VII. Justicia militar

De acuerdo a la Constitución Política del Estado y la Ley Orgánica de las Fuerzas Armadas la institución militar se rige por su reglamentos, códigos y normas internas. Para tal efecto se creó un régimen especial de administración de justicia formalizado en el Código de Procedimiento Penal Militar y en Código Penal Militar aprobados en la década de los 70 y aún vigentes en el país. Ambos instrumentos no han sufrido reformas, ni por adaptaciones a la nueva economía jurídica internacional en materia militar. Contradictoriamente, la justicia militar admite la pena de muerte cuando la Constitución Política del Estado la ha proscrito hace muchos años.

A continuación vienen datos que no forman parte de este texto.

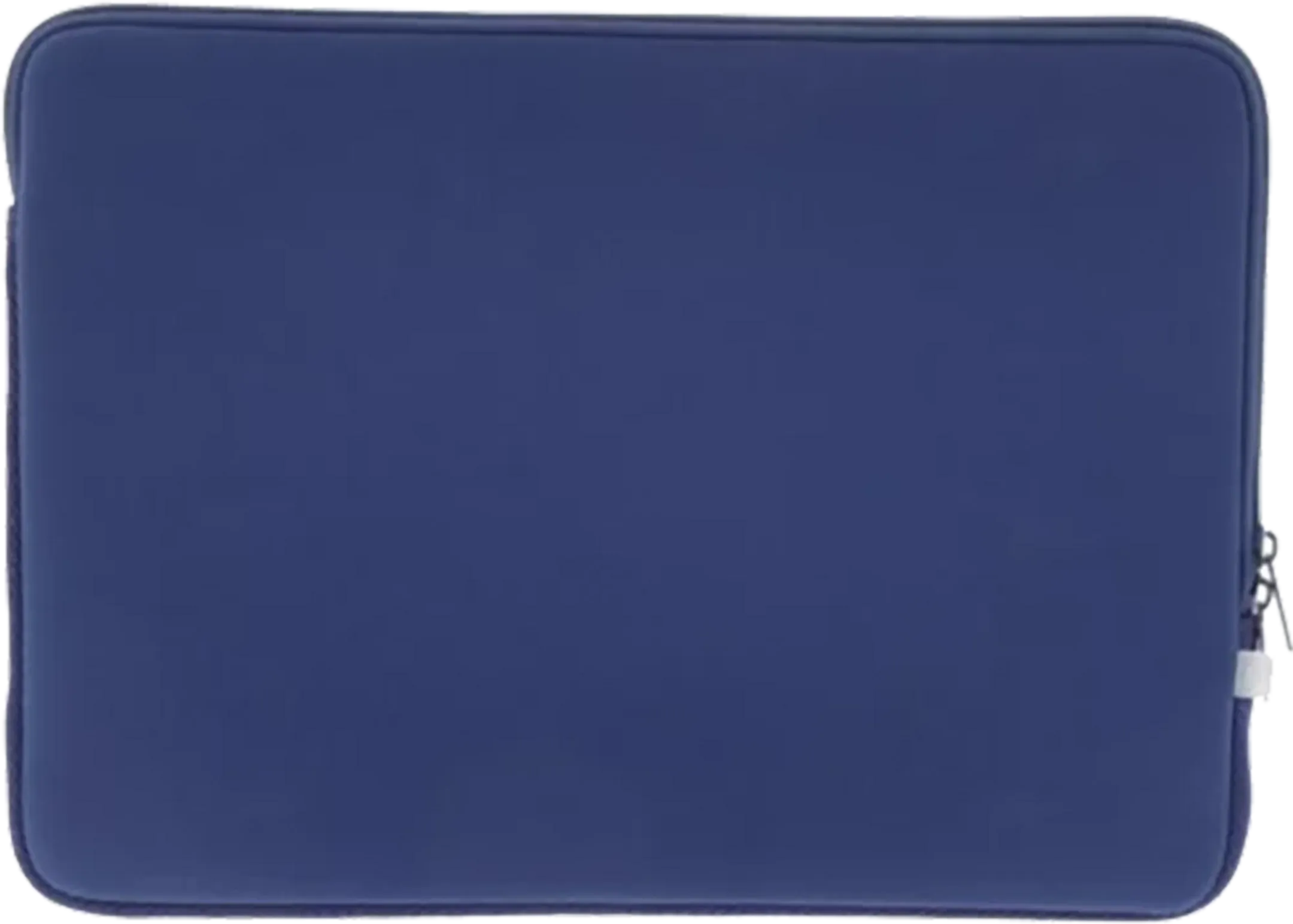Laptophoes Neo 13-14'' - blauw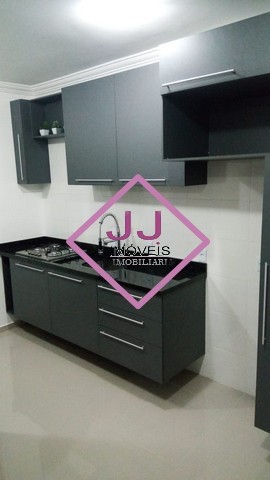 Apartamento para venda no Ingleses do Rio Vermelho em Florianopolis com 62m² por R$ 450.000,00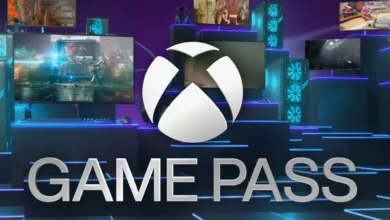 الكشف-عن-العاب-xbox-game-pass-لشهر-ديسمبر-2024-–-العاب-–-يلا-لايف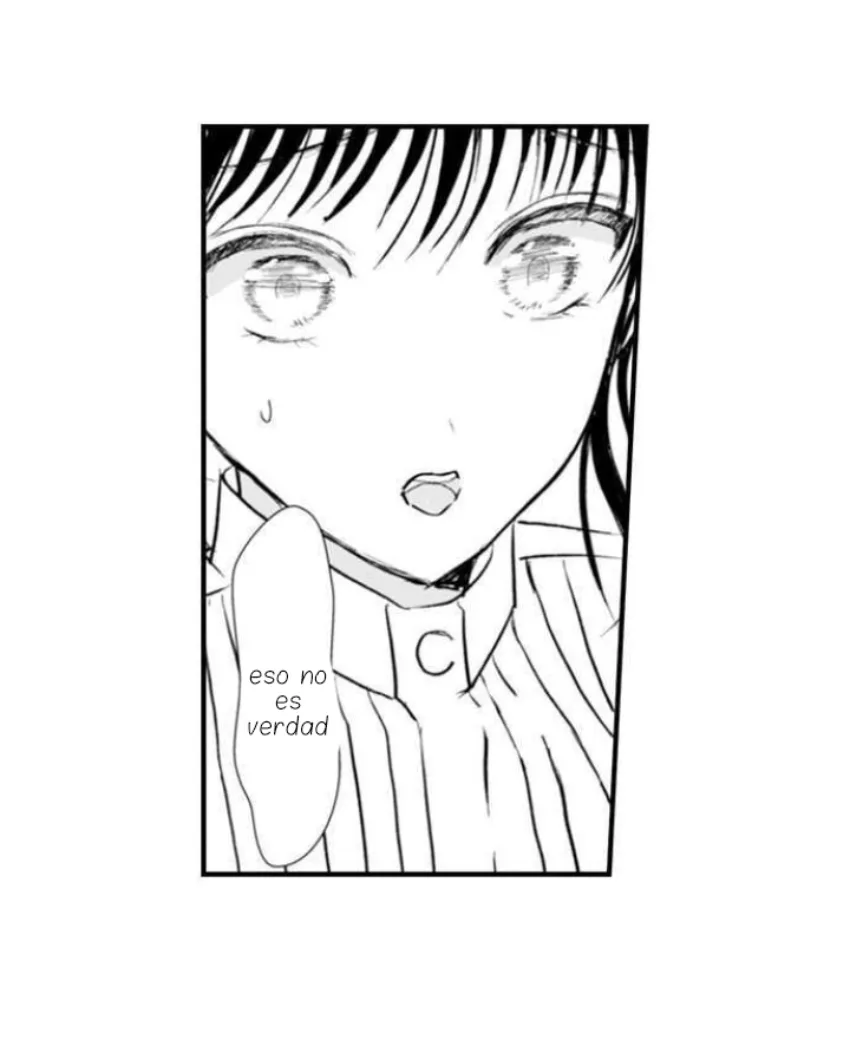 32 Mi esposa predestinada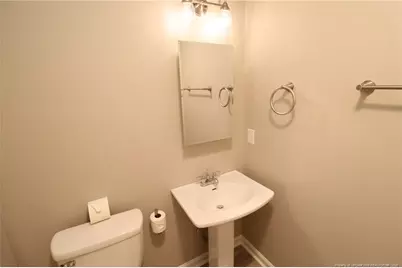 2023 Bulon Drive, Cary, NC 27518 - Photo 33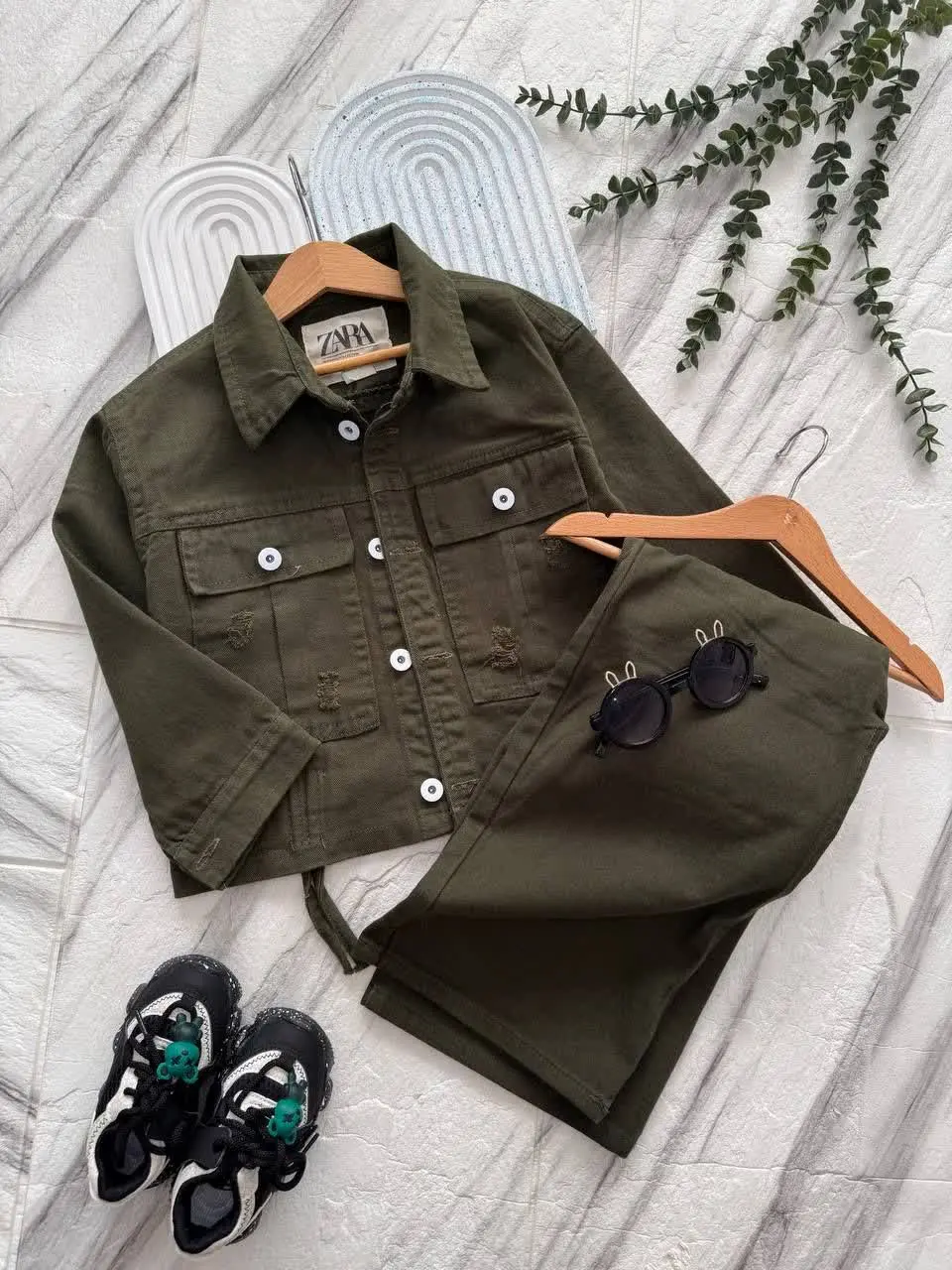 مگه میشه ساده بگذری از کنارش؟! 😉
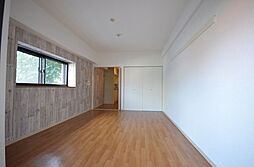 シャルム豊明 304 3階1Kのリビング/ダイニング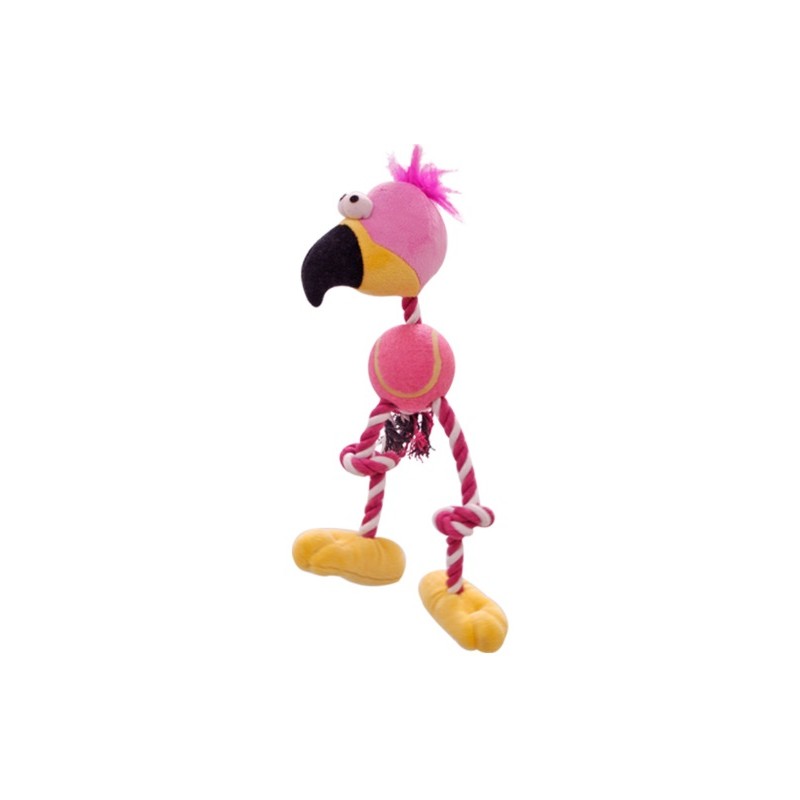 Pajaro Pepa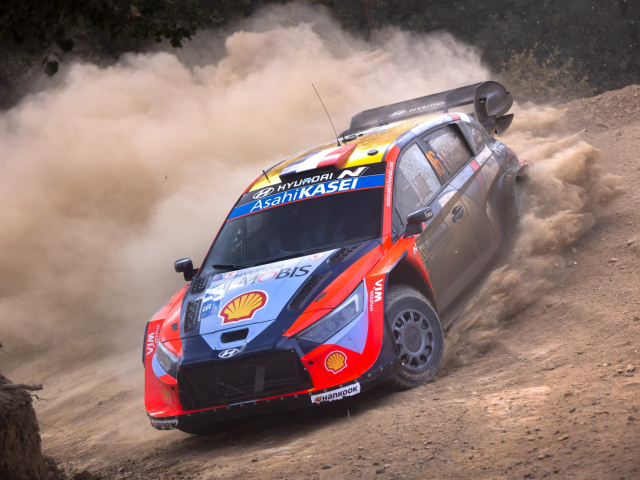 Hyundai Motorsport si Ott Tänak au triumfat in Raliul Acropolelor - 1e45c0df-3711-f4cc-b0bd-c568117e3bcd.jpg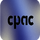 CA ▎CPAC HD logo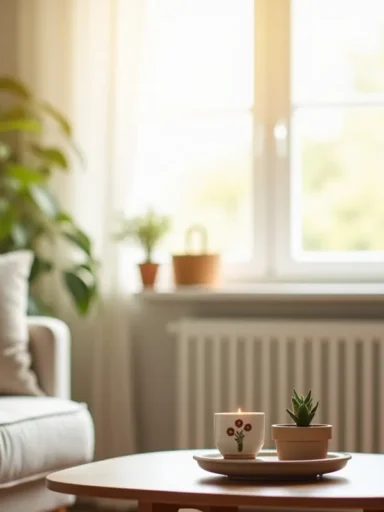 Psychoterapia za darmo – Jak skorzystać i gdzie szukać pomocy?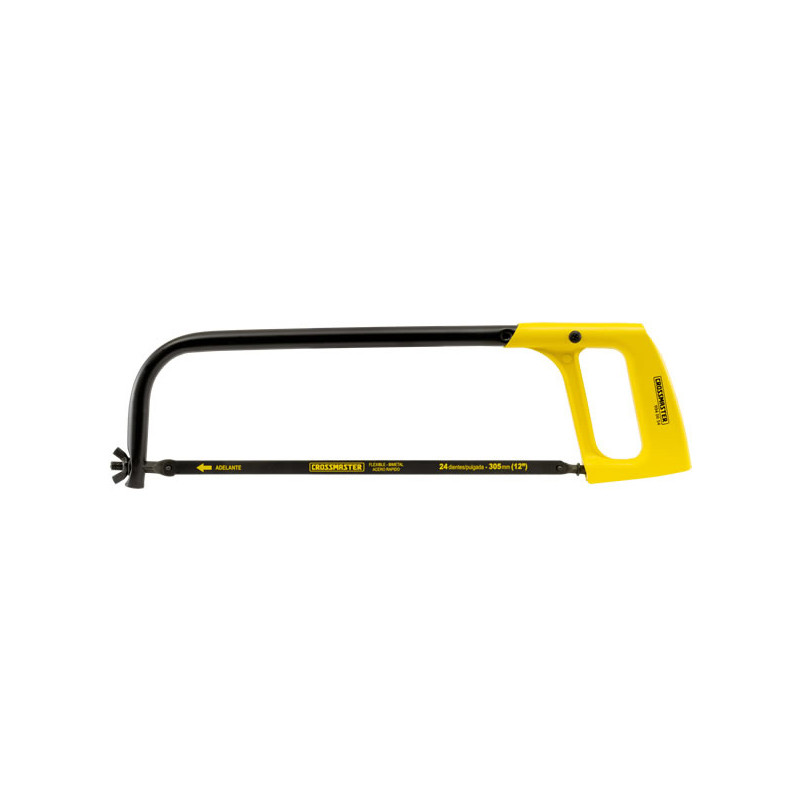 ARCO DE SIERRA CROSSMASTER 9940054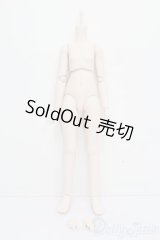 MDD/ベースボディ2.0(DD-f3) S-25-08-17-014-SK-ZS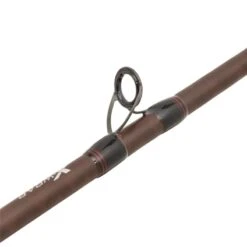 CANNE CASTING ABU GARCIA BEAST PRO CASTING ROD -La Pêche Passion canne casting abu garcia beast pro rod z 2233 223319 5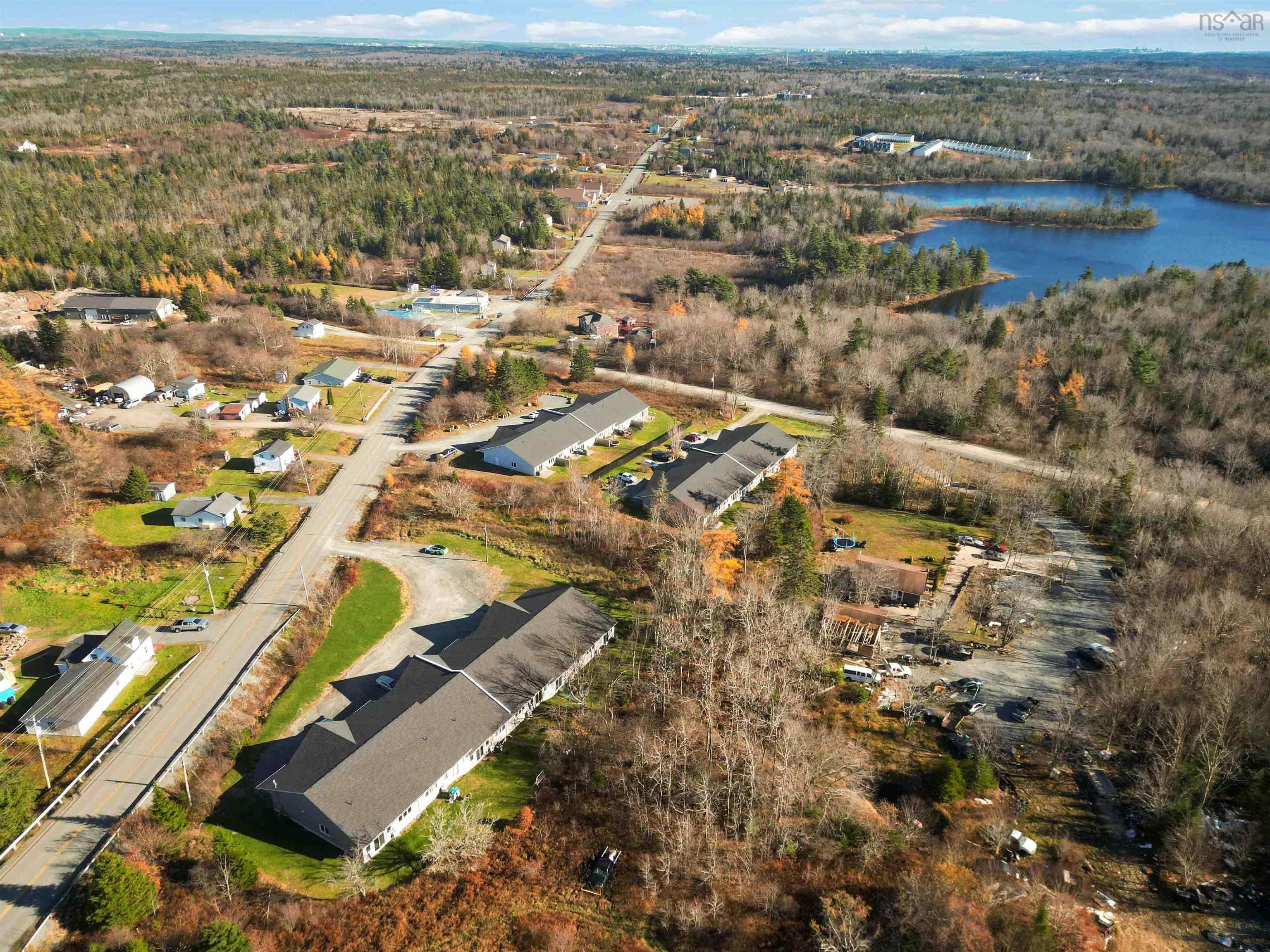 $2,250,000.00: 10-20 Cordwood Lane, Upper Hammonds Plains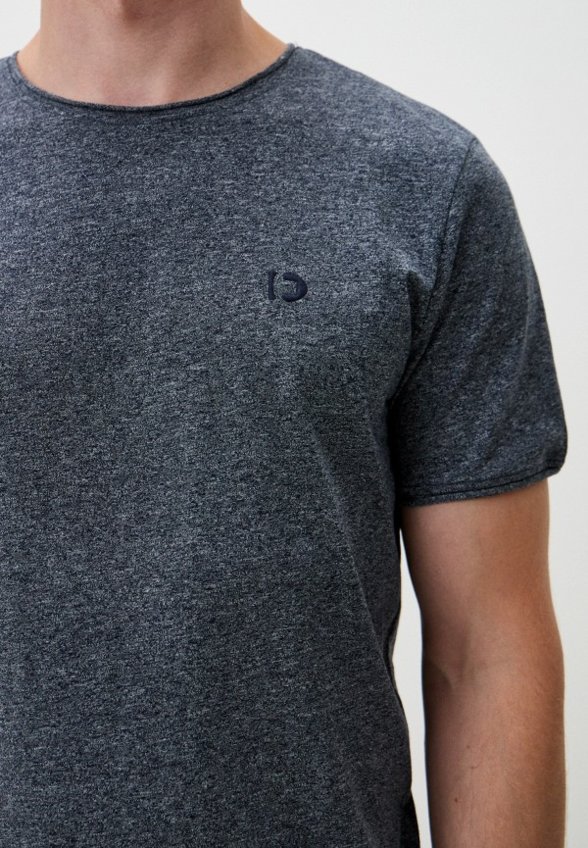 Футболка Tom Tailor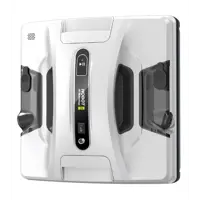 Робот-мойщик окон Hobot 2s 72 Вт 50 мл 4 режима управление через мобильное приложение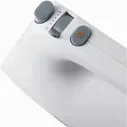 Kenwood HMP34.A0WH миксер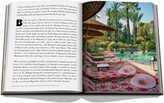 Thumbnail for your product : Assouline "Marrakech Flair" Book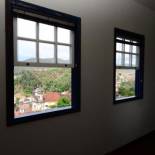 Фотография мини отеля Casa de Hospedagem Dlourdes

La administración de la justicia militar produce cuestionamientos razonables acerca de su imparcialidad, oportunidad, equidad y transparencia. Producto de ello, está en duda la existencia de condiciones razonables que garanticen plenamente su administración. La frecuencia de las denuncias y prácticas constantes de violación de los derechos humanos por parte de las fuerzas armadas en diversas circunstancias, que casi nunca se esclarece, ha puesto en tela de juicio la relación entre democracia, fuerzas armadas y Estado de Derecho. Durante los últimos años, y a raíz del uso desproporcionado de la fuerza pública en situaciones de disturbios internos, la Fiscalía General de la Nación ha tratado de quebrar el dominio de la justicia militar sobre la civil. A título de ejemplo, en este año tanto la Corte Suprema de Justicia como el Presidente de la República en su papel de Capitán General de las fuerzas armadas dispusieron el levantamiento del secreto militar con el ánimo de esclarecer las dramáticas masacres militares-policiales, ocurridas en febrero del 2003 y octubre del mismo año contra población civil indefensa.


(1) Cfr. Quintana, Juan Ramón y Barrios, Raúl, “Las relaciones civiles-militares en Bolivia: una agenda pendiente”, en Diamint, Rut (Editora), Control civil y Fuerzas Armadas en las nuevas democracias latinoamericanas, Universidad Torcuato Di Tella, Nuevohacer, GEL, 1999, págs. 223-264.